The Zimbabwe Human Rights Commission (ZHRC) said there has been an improvement as regards political freedoms, but socio-economic rights remain a big issues yearning for attention.
“As far as the political terrain is concerned, we believe there has been a marked improvement if the environment that characterised the July election is anything to go by. You will remember that under the old administration there was a time when everyone almost lost their rights, including the right to freedom of speech.
“The new administration has generally allowed citizens to go about their business except for the August 1 incident in which six people lost their lives, Zimbabwe has seen an improvement,” chairperson Elasto Mugwadi said.

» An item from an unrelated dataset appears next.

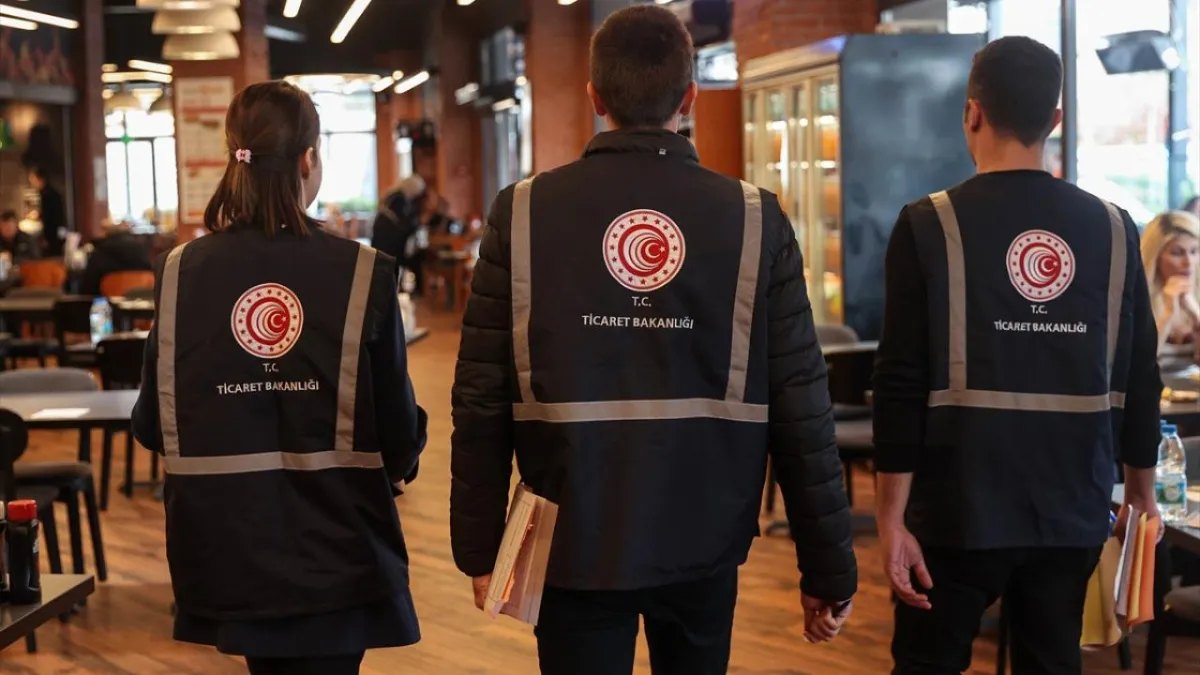 3781-gulsen-kimdir-hayati-kariyeri-sarkilari-ve-ozel-yasami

Mugwadi, however, said citizens have been groaning under the weight of deteriorating socio-economic environment.
“We cannot say there has been a regression, but the situation needs attention. The outbreak of cholera in the middle of the dry season is unheard of and our local authorities have failed, so there is need for attention to make sure citizens enjoy their rights in this regard,” the ZHRC boss said.
But Zimbabwe Human Rights Association (ZimRights) director Okay Machisa said the situation has deteriorated.
“I don’t think there has been any improvement. There has been a number of abuses we did not expect from the new administration epitomised by the August 1 shootings of ordinary citizens. There is nothing to celebrate.
“Zimbabweans have not enjoyed the socio-economic and political rights we are guaranteed by the Constitution. We still see partisan distribution of food. There seem to be much talk and little action around the economy but nothing tangible for Zimbabweans to enjoy,” Machisa said.